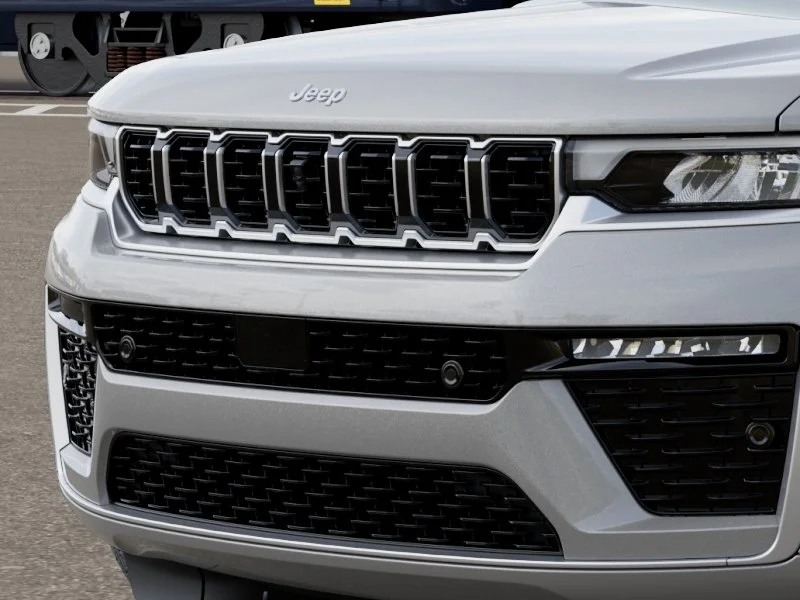 New 2026 Silver Zynith Exterior Paint Jeep Summit image 7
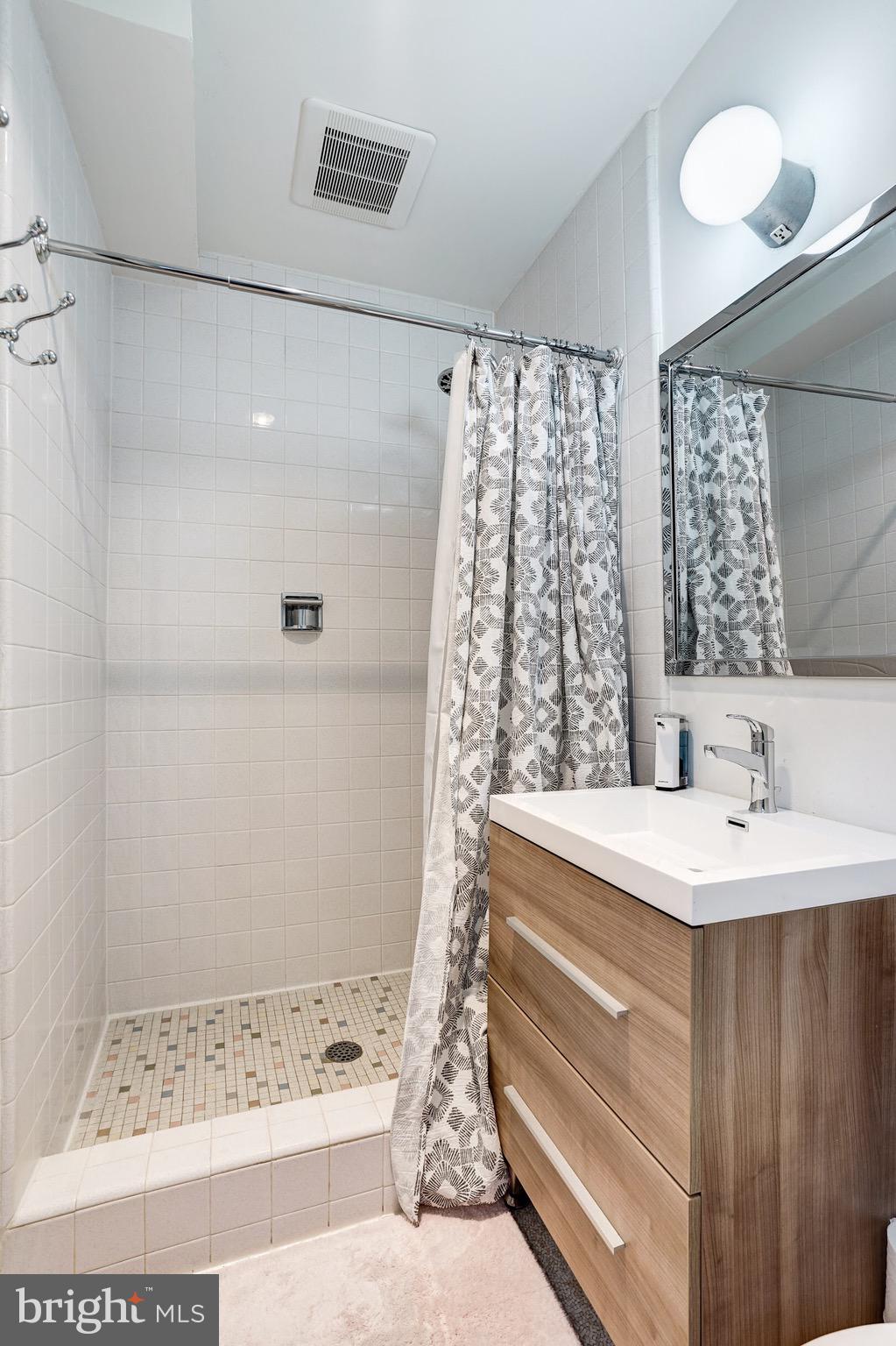 HICKORY CLUSTER - Residential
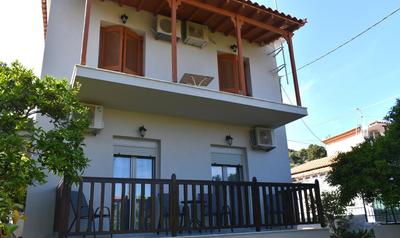 NIKI 'S HOUSE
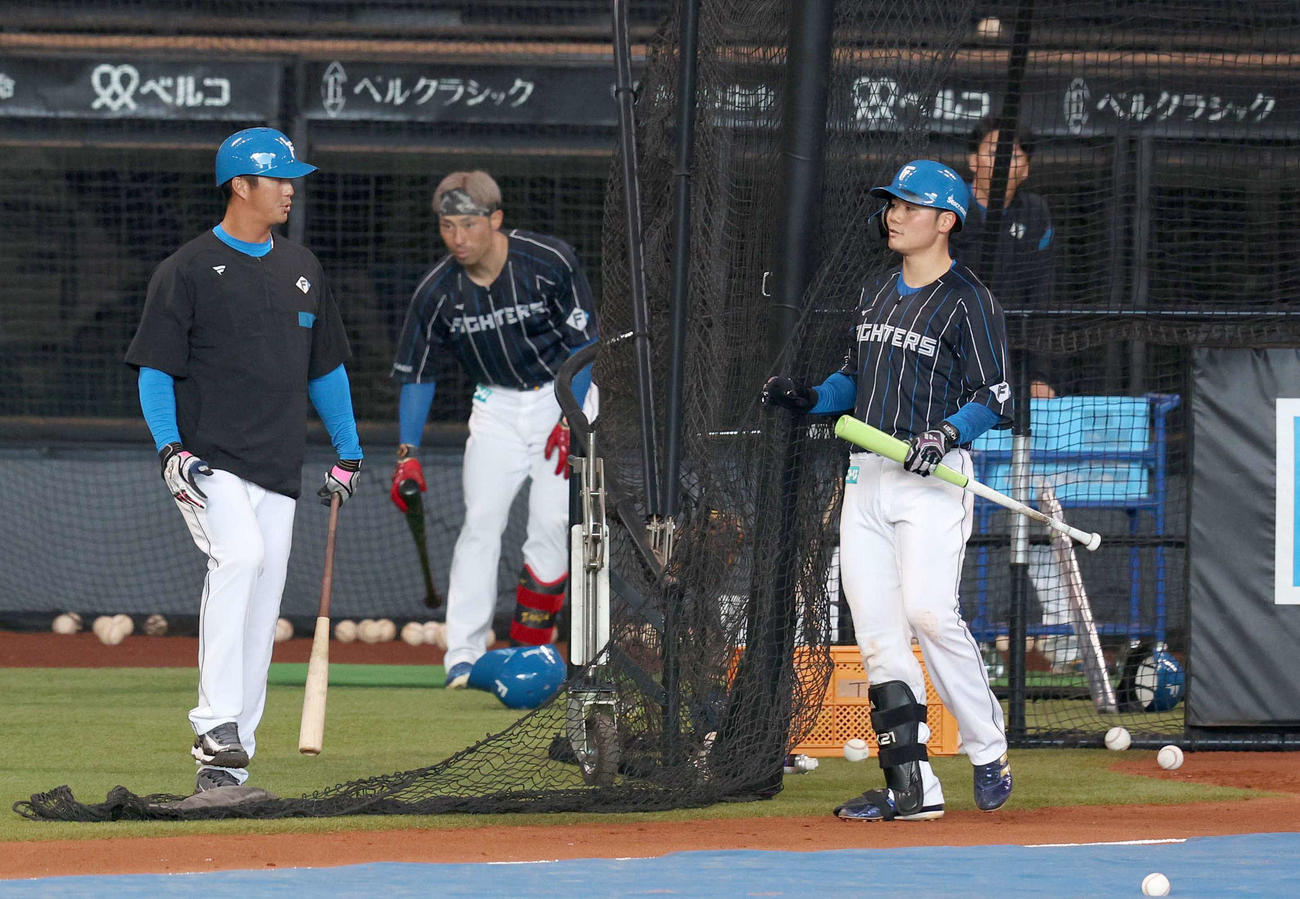 交互に打撃ケージに入る清宮（右）と台湾の高国輝コーチ（撮影・黒川智章）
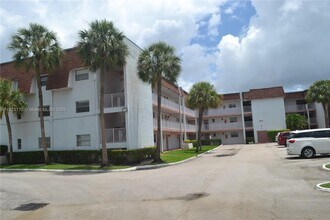 Building Photo - 8000 Lagos De Campo Blvd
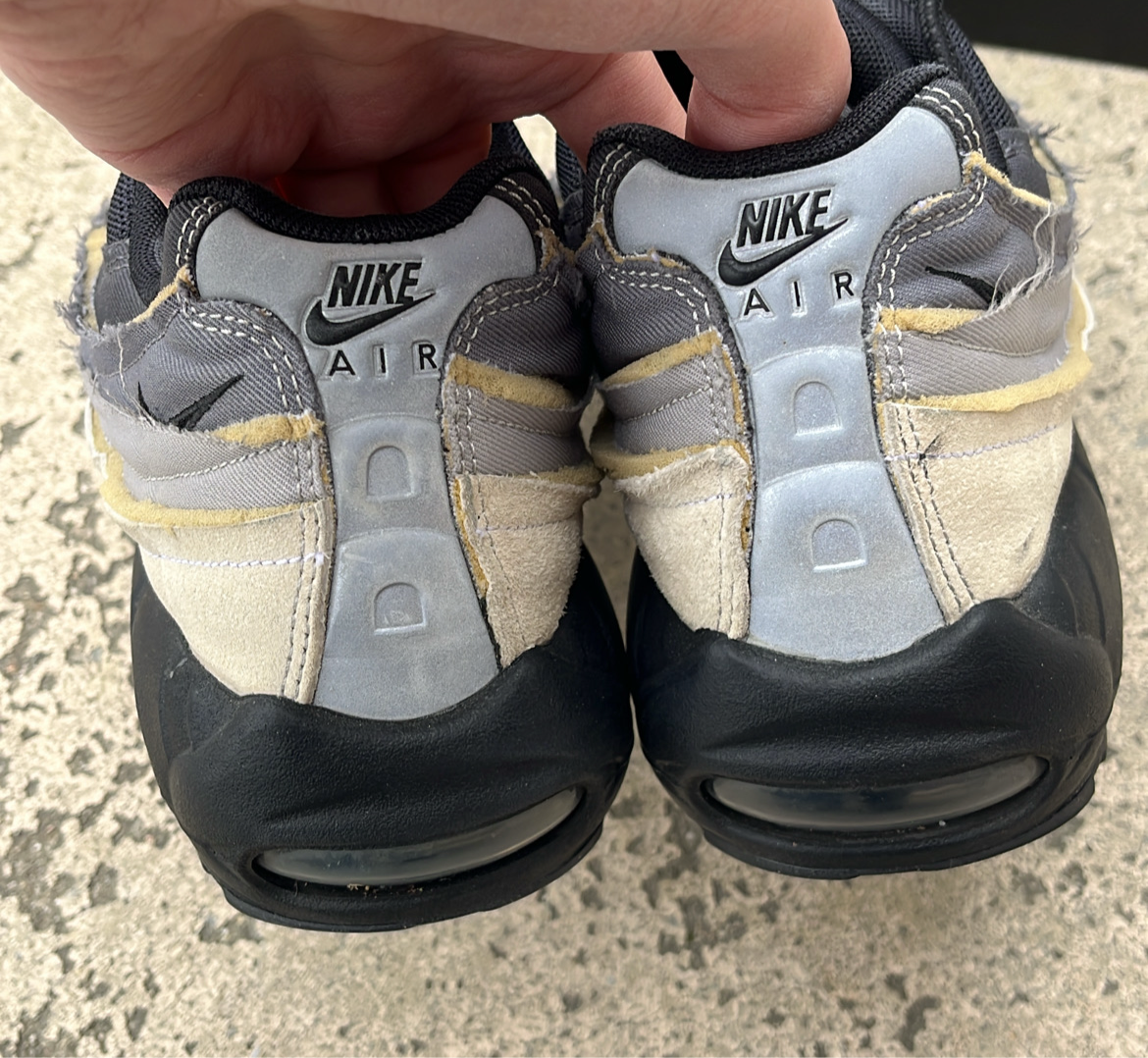 Air Max 95 CDG Grey - EU42.5 / US9 / UK8
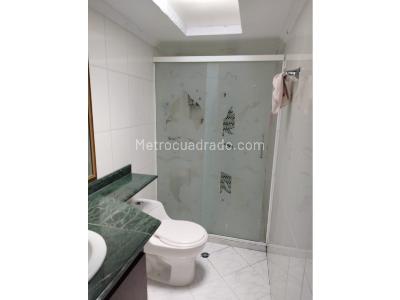 Casa de 5 alcobas en venta en Loma Del Escobero, Envigado, 256 m² · foto 19 de 20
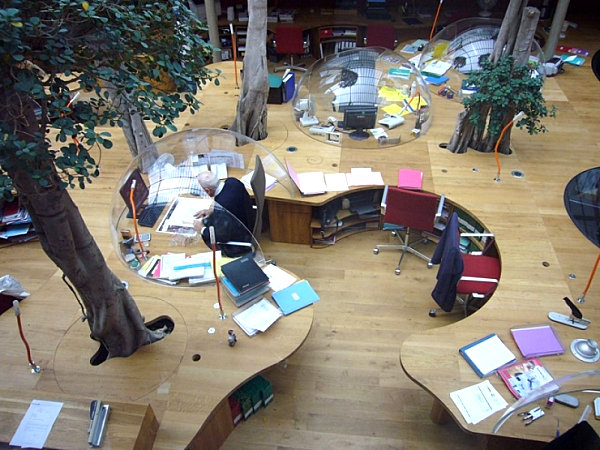 Дизайн интерьера рабочего места в офисе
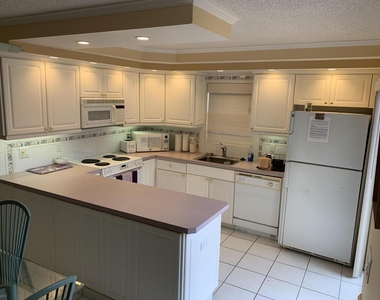 9403 S Ocean Drive - Photo Thumbnail 4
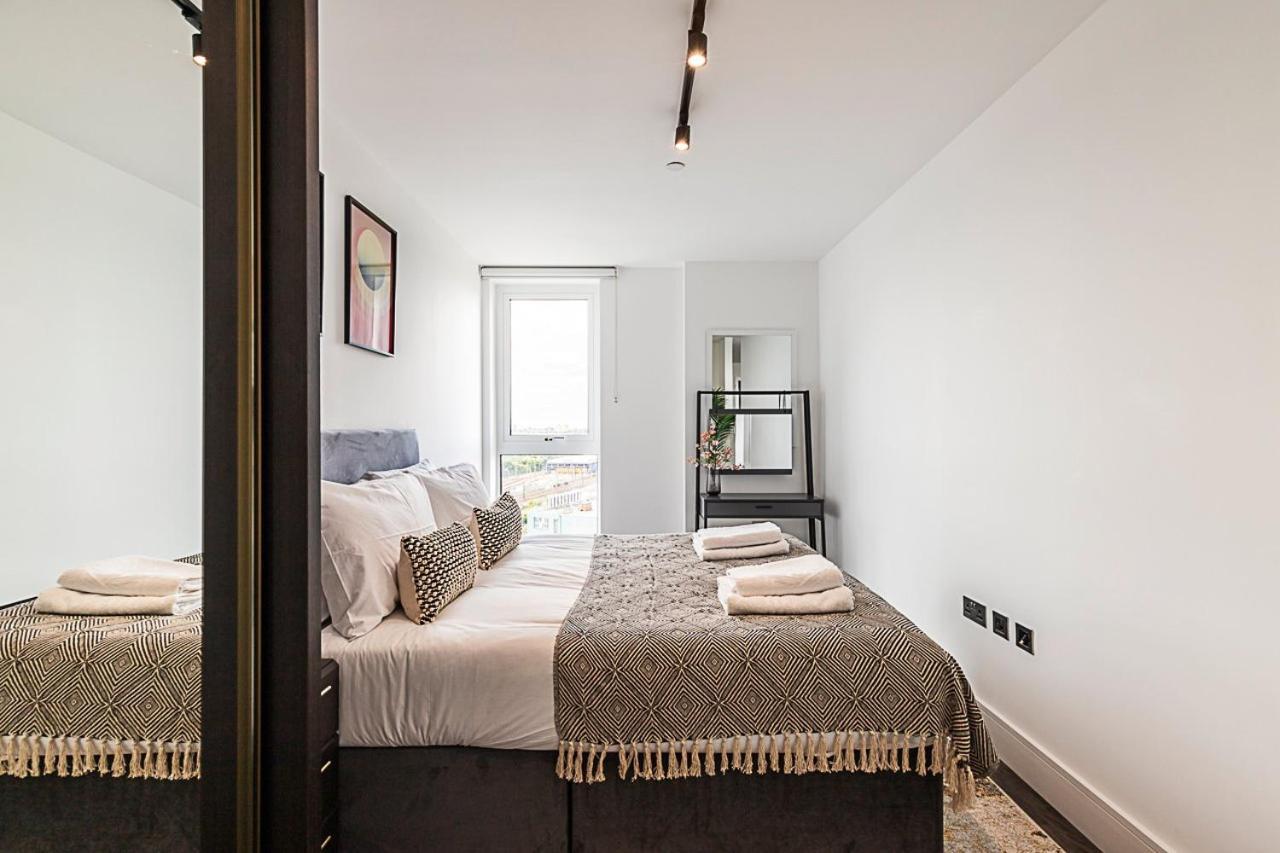 Edmund Point Apartment London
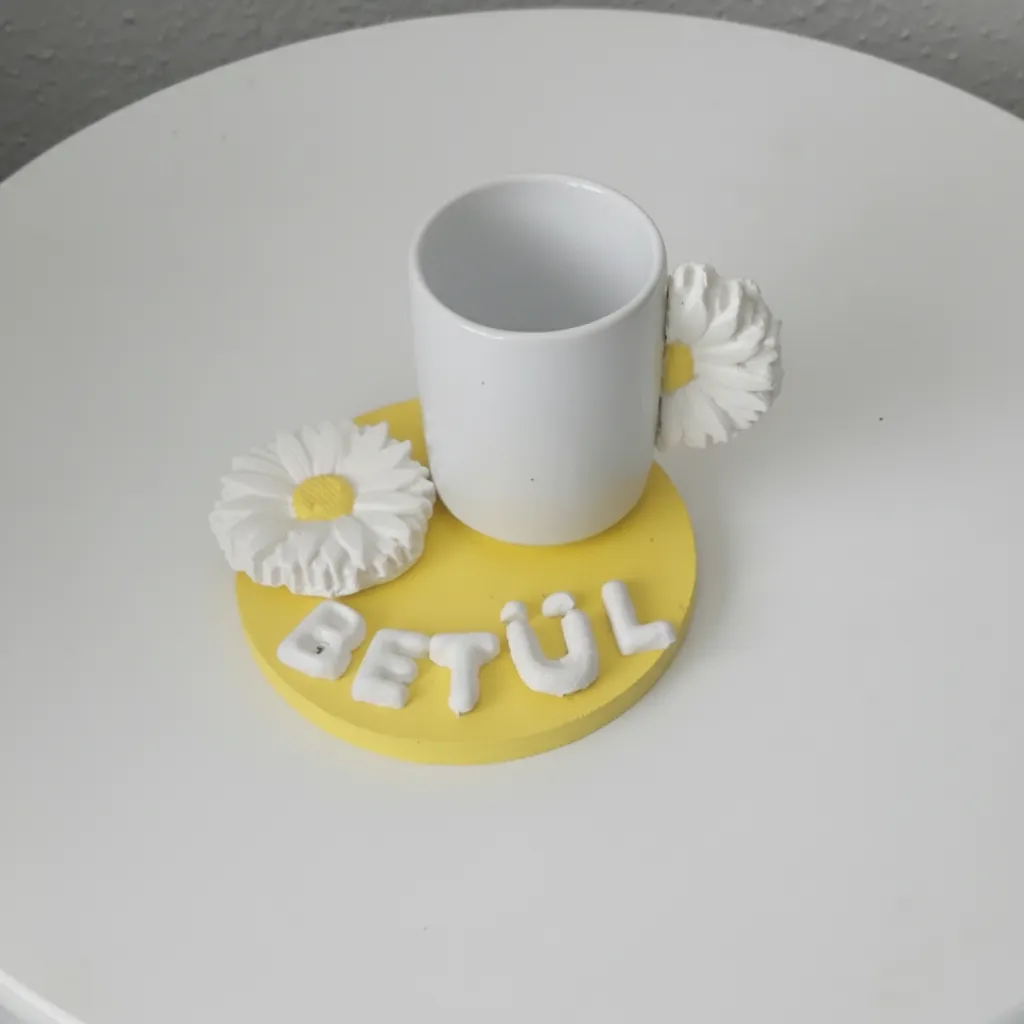 Kişiye Özel İsimli ve Papatya Detaylı Taş Tozu Fincan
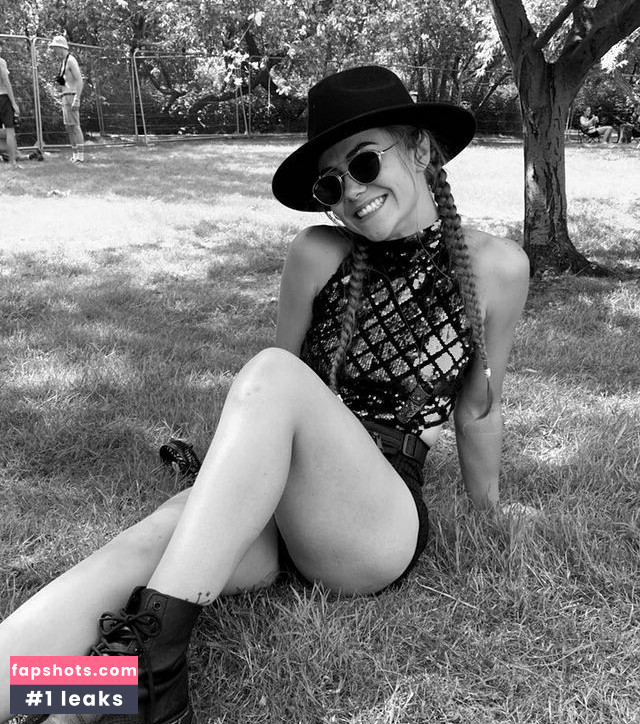 Erin Boothby gallery photo #10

════════════════════

- _Task prompt_
The finished copy should match the data above word for word and contain no pictures.

- _Response for this exercise_
 New 2026 Silver Zynith Exterior Paint Jeep Summit image 7
 HICKORY CLUSTER - Residential
 NIKI 'S HOUSE
 交互に打撃ケージに入る清宮（右）と台湾の高国輝コーチ（撮影・黒川智章）
 Building Photo - 8000 Lagos De Campo Blvd
 Air Max 95 CDG Grey - EU42.5 / US9 / UK8
 Casa de 5 alcobas en venta en Loma Del Escobero, Envigado, 256 m² · foto 19 de 20
 Дизайн интерьера рабочего места в офисе
 9403 S Ocean Drive - Photo Thumbnail 4
 Edmund Point Apartment London
 Kişiye Özel İsimli ve Papatya Detaylı Taş Tozu Fincan
 Erin Boothby gallery photo #10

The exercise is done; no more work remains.